■ **GOAL OF THE EXERCISE**: From the entries below, return exactly the lines beginning at the one that contains "Un coche de" and ending at the one that contains "Foto:: DB 111", both of them included, and only those lines.

(Source data)

····················

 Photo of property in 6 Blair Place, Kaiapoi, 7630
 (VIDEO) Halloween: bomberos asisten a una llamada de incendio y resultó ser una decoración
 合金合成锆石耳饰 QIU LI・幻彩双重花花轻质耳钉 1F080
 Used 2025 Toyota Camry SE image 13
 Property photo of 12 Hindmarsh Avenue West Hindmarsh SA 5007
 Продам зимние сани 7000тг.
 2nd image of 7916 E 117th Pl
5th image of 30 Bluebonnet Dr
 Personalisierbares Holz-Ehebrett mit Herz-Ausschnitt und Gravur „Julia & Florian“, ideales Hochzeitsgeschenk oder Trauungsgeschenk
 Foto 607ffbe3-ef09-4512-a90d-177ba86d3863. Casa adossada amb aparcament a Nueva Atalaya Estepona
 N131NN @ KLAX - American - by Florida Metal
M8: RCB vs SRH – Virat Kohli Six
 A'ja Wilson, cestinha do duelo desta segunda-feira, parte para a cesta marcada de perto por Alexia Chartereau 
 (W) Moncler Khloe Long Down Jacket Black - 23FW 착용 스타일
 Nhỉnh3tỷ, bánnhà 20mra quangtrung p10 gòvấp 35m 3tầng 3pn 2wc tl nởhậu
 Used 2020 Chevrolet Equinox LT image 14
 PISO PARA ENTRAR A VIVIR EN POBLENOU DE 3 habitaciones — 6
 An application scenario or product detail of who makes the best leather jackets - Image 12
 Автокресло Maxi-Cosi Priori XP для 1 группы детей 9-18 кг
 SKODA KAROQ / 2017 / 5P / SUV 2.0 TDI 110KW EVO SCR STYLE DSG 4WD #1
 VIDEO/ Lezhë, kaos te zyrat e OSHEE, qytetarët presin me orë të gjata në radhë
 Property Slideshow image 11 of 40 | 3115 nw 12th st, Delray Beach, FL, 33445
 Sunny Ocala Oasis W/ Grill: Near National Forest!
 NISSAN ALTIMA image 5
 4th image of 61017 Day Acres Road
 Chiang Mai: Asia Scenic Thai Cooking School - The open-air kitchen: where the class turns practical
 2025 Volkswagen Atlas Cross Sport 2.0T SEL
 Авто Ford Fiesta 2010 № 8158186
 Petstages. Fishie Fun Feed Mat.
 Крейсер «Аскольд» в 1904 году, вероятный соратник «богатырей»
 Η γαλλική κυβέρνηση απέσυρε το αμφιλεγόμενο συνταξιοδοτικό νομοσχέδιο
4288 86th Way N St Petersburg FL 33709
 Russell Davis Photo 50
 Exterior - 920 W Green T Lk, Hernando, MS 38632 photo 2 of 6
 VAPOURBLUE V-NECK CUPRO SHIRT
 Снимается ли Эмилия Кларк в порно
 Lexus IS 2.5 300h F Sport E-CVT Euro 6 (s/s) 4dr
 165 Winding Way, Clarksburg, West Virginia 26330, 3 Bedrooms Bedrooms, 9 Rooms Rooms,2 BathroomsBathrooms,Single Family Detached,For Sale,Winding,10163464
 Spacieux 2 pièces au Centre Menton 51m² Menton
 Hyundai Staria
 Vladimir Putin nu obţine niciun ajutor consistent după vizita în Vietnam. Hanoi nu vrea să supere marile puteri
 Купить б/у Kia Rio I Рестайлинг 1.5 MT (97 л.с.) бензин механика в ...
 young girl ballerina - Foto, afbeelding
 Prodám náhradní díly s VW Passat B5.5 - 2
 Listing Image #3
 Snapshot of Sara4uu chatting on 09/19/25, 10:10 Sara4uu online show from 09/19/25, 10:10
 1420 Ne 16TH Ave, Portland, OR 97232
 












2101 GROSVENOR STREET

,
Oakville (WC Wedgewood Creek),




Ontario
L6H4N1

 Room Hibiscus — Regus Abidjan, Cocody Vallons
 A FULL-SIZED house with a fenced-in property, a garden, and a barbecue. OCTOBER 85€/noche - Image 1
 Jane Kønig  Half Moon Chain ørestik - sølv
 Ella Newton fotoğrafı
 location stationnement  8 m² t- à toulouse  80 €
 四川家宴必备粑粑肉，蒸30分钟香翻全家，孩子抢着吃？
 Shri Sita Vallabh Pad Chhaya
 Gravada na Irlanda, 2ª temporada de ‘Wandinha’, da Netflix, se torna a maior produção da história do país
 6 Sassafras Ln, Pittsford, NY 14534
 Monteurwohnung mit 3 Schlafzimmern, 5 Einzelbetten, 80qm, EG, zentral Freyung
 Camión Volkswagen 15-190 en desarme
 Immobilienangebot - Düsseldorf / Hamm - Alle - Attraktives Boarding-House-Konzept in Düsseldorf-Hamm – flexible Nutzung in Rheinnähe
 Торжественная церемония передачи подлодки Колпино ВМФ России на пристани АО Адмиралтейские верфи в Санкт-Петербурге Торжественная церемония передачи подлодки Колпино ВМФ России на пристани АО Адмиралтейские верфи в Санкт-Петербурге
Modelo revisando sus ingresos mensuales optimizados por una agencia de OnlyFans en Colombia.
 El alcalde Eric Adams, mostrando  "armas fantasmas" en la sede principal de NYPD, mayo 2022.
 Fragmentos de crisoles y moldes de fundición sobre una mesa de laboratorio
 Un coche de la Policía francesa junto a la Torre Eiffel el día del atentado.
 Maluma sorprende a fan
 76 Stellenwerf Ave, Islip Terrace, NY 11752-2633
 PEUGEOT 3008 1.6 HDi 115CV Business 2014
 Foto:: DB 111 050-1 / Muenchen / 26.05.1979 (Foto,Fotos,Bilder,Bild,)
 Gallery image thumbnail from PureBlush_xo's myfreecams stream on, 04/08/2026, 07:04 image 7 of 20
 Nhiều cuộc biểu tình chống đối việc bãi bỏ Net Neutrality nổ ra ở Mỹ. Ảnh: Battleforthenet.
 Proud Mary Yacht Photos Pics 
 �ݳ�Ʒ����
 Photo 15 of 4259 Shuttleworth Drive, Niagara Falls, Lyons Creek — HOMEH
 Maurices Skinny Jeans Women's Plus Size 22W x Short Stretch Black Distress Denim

····················

■ **RESULT FOR THIS EXERCISE**:
 Un coche de la Policía francesa junto a la Torre Eiffel el día del atentado.
 Maluma sorprende a fan
 76 Stellenwerf Ave, Islip Terrace, NY 11752-2633
 PEUGEOT 3008 1.6 HDi 115CV Business 2014
 Foto:: DB 111 050-1 / Muenchen / 26.05.1979 (Foto,Fotos,Bilder,Bild,)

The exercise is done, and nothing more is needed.